To call Bettie unflappable doesn’t mean she is unfeeling. Even when her world is falling apart, she maintains a semblance of composure. Her first impulse after the loss of her lover is to resume her former smoking habit. Her search for cigarettes turns into a road trip that eventually leads to the French heartland.

Because Ms Deneuve, 70, is in almost every scene, On My Way feels like Ms Bercot’s loving character study of a star who has always stood above the fray, a symbol of resilient Gallic femininity. It poses an implicit question: aside from Bettie’s working-class background, how different are the actress and her character? Although Bettie can be flustered, irritated and impatient, she soldiers through misfortune, impervious to insult and humiliation.

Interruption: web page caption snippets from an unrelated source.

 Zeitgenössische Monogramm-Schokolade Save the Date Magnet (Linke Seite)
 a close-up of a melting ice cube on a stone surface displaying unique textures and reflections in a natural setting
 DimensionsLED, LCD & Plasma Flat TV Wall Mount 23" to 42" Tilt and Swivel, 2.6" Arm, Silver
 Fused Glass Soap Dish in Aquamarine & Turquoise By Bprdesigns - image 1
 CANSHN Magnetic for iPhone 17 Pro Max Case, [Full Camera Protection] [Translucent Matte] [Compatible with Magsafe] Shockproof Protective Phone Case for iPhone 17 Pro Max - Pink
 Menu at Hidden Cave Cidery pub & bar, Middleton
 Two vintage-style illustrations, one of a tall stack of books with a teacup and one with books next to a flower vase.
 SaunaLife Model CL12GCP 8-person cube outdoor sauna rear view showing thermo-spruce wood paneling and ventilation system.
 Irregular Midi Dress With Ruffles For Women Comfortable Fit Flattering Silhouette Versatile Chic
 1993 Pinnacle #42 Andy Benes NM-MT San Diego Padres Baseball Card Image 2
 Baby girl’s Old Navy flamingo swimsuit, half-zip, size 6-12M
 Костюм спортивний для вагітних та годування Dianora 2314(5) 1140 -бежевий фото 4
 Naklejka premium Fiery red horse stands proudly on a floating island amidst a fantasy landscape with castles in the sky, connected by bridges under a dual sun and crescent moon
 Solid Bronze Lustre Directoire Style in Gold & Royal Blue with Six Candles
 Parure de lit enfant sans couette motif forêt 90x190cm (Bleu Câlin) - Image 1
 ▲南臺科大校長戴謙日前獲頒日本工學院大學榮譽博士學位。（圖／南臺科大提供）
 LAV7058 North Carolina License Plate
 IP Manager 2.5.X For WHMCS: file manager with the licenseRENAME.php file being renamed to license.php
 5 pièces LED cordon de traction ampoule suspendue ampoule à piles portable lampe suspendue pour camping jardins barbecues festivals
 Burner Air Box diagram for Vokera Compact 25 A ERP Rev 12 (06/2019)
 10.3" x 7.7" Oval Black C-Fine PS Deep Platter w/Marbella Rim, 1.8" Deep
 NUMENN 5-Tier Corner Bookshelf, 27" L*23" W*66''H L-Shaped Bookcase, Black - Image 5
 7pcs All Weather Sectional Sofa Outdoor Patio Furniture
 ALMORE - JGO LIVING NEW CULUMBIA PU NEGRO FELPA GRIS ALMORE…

Bettie has a series of adventures in rural France, including an overnight hookup with Marco (Paul Hamy), a young man she meets in a raucous bar called Le Ranch. His fascination with her doesn’t preclude his rudely remarking that she once must have been a great beauty. The notion of an aging beauty who has lived long enough to transcend any obsession with her appearance is a theme that runs through On My Way, though Ms Deneuve appears impeccably coifed and regal, except for a drunken moment at Le Ranch.

Just when On My Way seems about to be stranded in the middle of nowhere, Bettie and Charly’s fraught relationship gives the movie an emotional centre and comedic drive. Mr Schiffman is an adorable scene stealer, and the two play off each other beautifully.

The gently fatalistic motto of On My Way comes down to three little words: ‘Live your life.’